» **Work instructions**:
From the listing below, retype exactly the line holding "Maradona shoote un fan", the line holding "Certified 2022 Toyota Corolla LE FWD image 6", and the lines between them; skip everything else.

--------------------------------

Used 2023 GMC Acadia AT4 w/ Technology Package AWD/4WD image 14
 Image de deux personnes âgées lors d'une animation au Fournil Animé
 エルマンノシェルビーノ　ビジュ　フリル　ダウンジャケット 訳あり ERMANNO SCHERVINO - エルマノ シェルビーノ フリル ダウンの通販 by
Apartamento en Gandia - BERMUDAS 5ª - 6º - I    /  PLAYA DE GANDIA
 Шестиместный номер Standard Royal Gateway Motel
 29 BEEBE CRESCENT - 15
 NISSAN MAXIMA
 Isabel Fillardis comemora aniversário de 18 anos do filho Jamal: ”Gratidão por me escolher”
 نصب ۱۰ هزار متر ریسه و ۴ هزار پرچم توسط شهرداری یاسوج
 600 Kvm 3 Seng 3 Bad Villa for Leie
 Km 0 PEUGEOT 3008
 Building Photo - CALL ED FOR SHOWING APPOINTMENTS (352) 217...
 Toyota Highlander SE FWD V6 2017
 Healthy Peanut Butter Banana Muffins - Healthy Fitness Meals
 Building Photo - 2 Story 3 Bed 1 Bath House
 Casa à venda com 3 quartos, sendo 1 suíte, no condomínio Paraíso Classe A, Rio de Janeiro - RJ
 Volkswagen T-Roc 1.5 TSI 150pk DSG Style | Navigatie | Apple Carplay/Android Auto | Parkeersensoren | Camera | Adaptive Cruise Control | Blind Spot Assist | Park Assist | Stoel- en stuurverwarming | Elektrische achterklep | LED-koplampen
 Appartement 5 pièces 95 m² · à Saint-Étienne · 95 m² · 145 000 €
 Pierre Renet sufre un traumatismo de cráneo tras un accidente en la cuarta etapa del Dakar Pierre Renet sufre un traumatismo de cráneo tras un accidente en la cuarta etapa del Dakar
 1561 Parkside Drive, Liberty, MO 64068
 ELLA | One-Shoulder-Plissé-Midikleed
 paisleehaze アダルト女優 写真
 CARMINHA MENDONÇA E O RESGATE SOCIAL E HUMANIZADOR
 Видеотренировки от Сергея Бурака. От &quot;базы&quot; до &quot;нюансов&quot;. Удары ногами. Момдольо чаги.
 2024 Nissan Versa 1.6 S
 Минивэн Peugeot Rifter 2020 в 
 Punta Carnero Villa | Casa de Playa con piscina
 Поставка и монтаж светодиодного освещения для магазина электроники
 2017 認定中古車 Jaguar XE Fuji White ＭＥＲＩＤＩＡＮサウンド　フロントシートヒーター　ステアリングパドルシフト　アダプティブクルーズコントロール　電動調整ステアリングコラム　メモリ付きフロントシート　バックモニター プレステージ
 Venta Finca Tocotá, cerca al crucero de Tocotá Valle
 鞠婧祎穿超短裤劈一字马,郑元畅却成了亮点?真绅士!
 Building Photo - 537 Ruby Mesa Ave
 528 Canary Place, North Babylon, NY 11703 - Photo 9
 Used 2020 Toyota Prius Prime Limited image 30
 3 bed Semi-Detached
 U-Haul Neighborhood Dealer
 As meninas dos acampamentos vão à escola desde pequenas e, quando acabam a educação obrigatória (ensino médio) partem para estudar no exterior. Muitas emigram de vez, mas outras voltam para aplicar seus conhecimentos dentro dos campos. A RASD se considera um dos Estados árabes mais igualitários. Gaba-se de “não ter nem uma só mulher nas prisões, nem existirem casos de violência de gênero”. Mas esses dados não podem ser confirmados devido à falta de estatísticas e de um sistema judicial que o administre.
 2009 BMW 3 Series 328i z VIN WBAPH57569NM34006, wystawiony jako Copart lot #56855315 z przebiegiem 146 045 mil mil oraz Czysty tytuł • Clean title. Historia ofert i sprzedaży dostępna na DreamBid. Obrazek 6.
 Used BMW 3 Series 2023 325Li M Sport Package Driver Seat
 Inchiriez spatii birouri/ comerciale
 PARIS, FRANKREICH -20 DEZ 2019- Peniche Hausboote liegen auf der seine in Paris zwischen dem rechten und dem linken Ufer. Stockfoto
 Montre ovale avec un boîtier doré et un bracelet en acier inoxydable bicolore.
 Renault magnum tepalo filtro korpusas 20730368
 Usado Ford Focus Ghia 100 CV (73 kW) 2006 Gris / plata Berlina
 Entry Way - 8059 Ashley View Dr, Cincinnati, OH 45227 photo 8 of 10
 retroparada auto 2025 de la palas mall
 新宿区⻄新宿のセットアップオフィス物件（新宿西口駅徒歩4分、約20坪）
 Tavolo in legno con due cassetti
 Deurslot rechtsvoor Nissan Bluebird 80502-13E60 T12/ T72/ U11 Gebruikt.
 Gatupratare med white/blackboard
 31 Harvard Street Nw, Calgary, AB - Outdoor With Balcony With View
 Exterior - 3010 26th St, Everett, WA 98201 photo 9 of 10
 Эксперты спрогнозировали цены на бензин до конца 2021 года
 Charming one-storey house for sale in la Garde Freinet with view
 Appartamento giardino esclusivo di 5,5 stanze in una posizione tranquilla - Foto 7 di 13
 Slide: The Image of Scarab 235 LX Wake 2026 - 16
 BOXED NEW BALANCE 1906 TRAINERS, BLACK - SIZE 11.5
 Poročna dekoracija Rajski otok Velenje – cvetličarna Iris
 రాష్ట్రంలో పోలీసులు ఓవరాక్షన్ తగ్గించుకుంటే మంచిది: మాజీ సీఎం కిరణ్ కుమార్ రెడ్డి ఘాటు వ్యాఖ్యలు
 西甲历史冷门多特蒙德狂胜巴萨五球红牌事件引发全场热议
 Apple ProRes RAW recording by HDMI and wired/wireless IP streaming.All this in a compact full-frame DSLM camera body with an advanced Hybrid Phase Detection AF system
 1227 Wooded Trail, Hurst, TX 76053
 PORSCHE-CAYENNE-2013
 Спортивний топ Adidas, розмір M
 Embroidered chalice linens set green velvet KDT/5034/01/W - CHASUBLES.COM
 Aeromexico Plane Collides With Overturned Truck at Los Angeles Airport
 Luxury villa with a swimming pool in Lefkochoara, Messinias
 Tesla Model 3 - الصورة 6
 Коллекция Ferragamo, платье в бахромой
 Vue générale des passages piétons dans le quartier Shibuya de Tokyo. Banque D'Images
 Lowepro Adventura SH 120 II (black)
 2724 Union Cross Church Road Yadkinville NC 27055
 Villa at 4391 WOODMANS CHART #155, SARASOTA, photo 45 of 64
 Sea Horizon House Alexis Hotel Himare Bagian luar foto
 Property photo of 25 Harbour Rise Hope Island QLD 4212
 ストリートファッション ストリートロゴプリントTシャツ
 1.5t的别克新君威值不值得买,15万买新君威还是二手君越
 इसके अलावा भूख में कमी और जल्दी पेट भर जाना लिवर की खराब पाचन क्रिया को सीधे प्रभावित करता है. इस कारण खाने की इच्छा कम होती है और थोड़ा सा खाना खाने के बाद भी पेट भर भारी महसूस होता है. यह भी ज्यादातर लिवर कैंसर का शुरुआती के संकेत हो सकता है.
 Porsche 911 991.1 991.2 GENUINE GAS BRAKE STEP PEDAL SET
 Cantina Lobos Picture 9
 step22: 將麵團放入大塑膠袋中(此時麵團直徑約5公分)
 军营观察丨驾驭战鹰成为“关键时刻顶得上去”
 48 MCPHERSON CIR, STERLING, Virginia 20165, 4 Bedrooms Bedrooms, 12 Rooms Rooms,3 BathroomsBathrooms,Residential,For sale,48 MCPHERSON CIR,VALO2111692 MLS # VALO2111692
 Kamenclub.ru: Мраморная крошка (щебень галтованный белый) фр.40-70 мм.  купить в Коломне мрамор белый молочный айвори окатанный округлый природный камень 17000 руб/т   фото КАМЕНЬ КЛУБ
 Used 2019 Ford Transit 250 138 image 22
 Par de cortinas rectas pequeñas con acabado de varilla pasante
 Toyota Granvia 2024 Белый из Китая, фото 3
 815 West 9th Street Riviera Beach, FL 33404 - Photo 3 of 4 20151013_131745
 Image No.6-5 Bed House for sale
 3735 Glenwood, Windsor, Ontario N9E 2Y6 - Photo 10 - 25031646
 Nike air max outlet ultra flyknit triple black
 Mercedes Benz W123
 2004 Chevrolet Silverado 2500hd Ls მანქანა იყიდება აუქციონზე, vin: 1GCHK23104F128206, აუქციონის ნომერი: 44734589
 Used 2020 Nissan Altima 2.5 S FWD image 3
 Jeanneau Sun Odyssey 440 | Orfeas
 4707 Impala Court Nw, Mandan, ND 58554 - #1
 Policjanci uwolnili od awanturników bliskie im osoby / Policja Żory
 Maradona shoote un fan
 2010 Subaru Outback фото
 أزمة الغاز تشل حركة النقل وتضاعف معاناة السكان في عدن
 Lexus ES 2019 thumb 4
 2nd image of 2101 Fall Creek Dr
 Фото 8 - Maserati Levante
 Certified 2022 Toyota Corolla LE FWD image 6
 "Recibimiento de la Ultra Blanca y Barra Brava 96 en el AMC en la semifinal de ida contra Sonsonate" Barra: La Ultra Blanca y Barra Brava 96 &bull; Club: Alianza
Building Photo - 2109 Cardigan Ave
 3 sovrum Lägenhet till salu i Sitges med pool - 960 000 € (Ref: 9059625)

--------------------------------

» **Answer below**:
 Maradona shoote un fan
 2010 Subaru Outback фото
 أزمة الغاز تشل حركة النقل وتضاعف معاناة السكان في عدن
 Lexus ES 2019 thumb 4
 2nd image of 2101 Fall Creek Dr
 Фото 8 - Maserati Levante
 Certified 2022 Toyota Corolla LE FWD image 6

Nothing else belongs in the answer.